В короткое время Глинка до того утомился, до того это несчастное дело опротивело ему, что он уже и не рад был, что начал его. Впоследствии он еще узнал, что жена его прижила со вторым мужем ребенка, и тогда махнул на все рукой, едва найдя силы возвратиться к прерванной работе над «Русланом». Бракоразводный же процесс затянулся на несколько лет…

Всю зиму 1841/42 года Глинка вел тихий и уединенный образ жизни, занимаясь почти исключительно «Русланом», и к весне 1842 года опера была почти закончена, а немногое остающееся нельзя было дописывать без сценических набросков и содействия балетмейстера и декоратора. Поэтому в апреле 1842 года наш композитор понес свою партитуру к директору театров Гедеонову, гадая, как-то тот примет его новую работу, и вспоминая мытарства, пройденные им в 1836 году по поводу оперы «Жизнь за Царя». Но на этот раз все обошлось благополучно, потому что к 1842 году времена успели измениться.
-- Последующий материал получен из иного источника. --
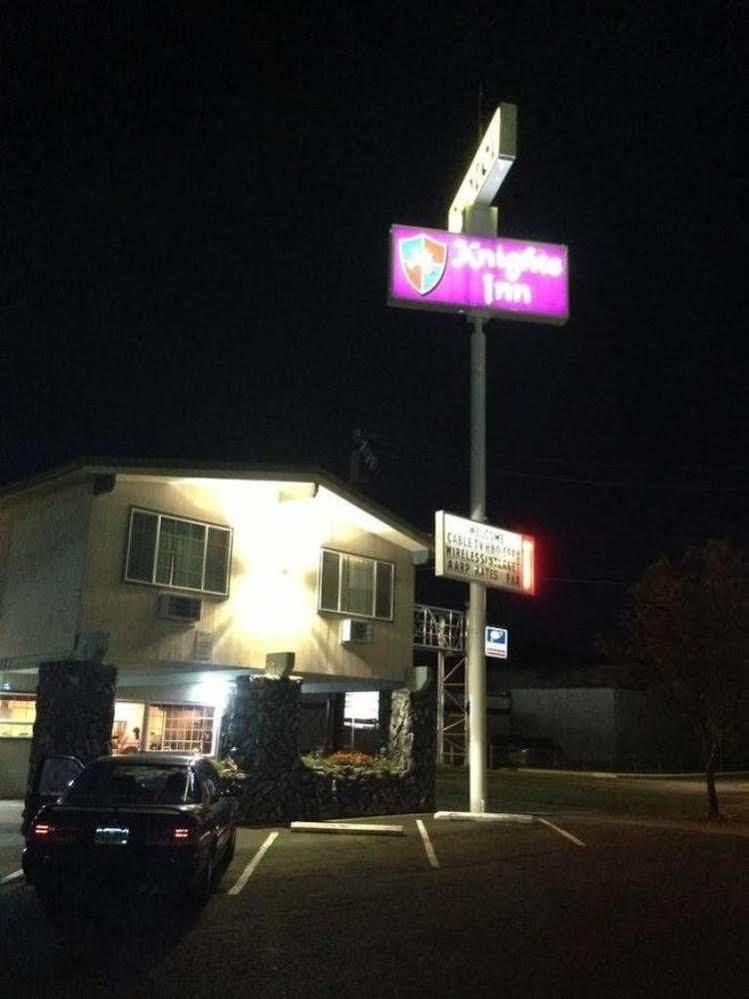Knights Inn Motel Grants Pass Exteriör bild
Теперь уже и директор театров знал, кто такой Глинка, и новая его опера была принята без всяких возражений. Вопрос о гонораре также решили в двух словах и скоро приступили к постановке оперы на сцене.

В начале того же 1842 года в петербургском музыкальном мире произошло событие, взволновавшее все столичное общество и отразившееся отчасти и на Глинке. Мы говорим о приезде в Петербург знаменитого Листа. Слава великого артиста была уже так значительна, что не только настоящие музыканты, но все петербургские дилетанты до последнего, все модные дамы большого света – словом, решительно все считали своим долгом восторгаться Листом и ухаживать за ним. Поэтому представляется замечательным среди всех этих восторгов, часто неосмысленных, иногда преувеличенных и даже просто рабски угодливых, – замечательным, говорим мы, представляется отзыв о Листе Глинки. Этот отзыв, чрезвычайно самостоятельный, независимый, кроме глубокого понимания личности Листа обнаруживает в авторе удивительную проницательность не без примеси свойственной ему тонкой иронии. Повторяем, этот отзыв весьма интересен, и только за недостатком места мы не приводим его, отсылая читателя к автобиографии, где он излагается.
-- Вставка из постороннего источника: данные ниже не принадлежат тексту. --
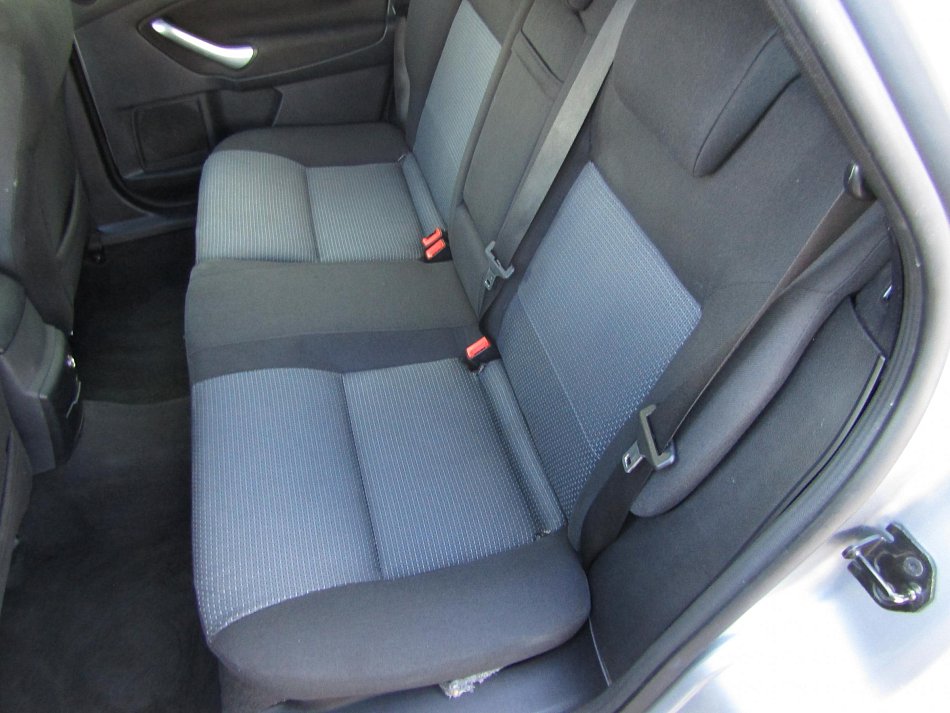 Ford Mondeo 1.6i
Глинка часто встречался с Листом во многих домах высшего петербургского общества. Великий иностранный артист очень интересовался музыкой и личностью нашего композитора, всегда упрашивал его играть или петь и сам иногда играл его произведения. Так, например, у князя Одоевского он исполнил ? livre ouvert[14 - букв.: «по раскрытой книге»; без подготовки, с листа (фр.)] некоторые номера «Руслана» с собственноручной партитуры Глинки, тогда еще никому не известной, причем удивил Глинку, сохранив в исполнении решительно все ноты партитуры. Бывали наши музыканты и у графов Виельгорских, и у гр. Ростопчиной – словом, во всех «лучших» домах петербургского общества, и Глинка, который со времени разрыва с женой совсем было отказался от света, вынужден был возобновить многие из прежних своих знакомств. «Меня снова вытащили на люди», – замечает он не без горечи, и забытому почти всеми русскому композитору пришлось снова являться в салонах нашей столицы по рекомендации знаменитого иностранного артиста.
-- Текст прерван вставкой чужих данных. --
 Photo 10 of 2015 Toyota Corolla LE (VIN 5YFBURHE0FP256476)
Вскоре Лист уехал из Петербурга, и Глинка снова принялся за хлопоты по постановке на сцене «Руслана». А хлопот предстояло еще много. Так, устроив дело с директором Гедеоновым, он должен был поладить со многими второстепенными деятелями театра. Известно, например, какое важное место в опере «Руслан и Людмила» занимают танцы. От удачной организации балета зависел, между прочим, успех самой оперы. Балетмейстером же в то время был некто Титюс, совершенно глупый, смешной, однако упрямый француз. Как было втолковать ему какую-нибудь лезгинку, как было объяснить глупому человеку необходимость в опере этого непонятного для француза восточного танца? Глинка сообразил, что единственное к тому средство – дать Титюсу хороший обед, ибо француз, между прочим, любил покушать. Затем в числе гостей Глинка пригласил к обеду некоего Каменского, большого мастера плясать лезгинку; кроме того, амфитрион[15 - В новой литературе это имя стало нарицательным для обозначения гостеприимного, хлебосольного хозяина] позаботился также о винах. И дело кончилось тем, что хотя лезгинка и не особенно понравилась французу, но вино взяло верх над всеми соображениями, и разногласия были улажены.

Немало огорчений доставил нашему композитору и декоратор Роллер, а декорации в «Руслане» также имеют очень важное значение. Одним словом, эта опера стоила Глинке много хлопот и много огорчений.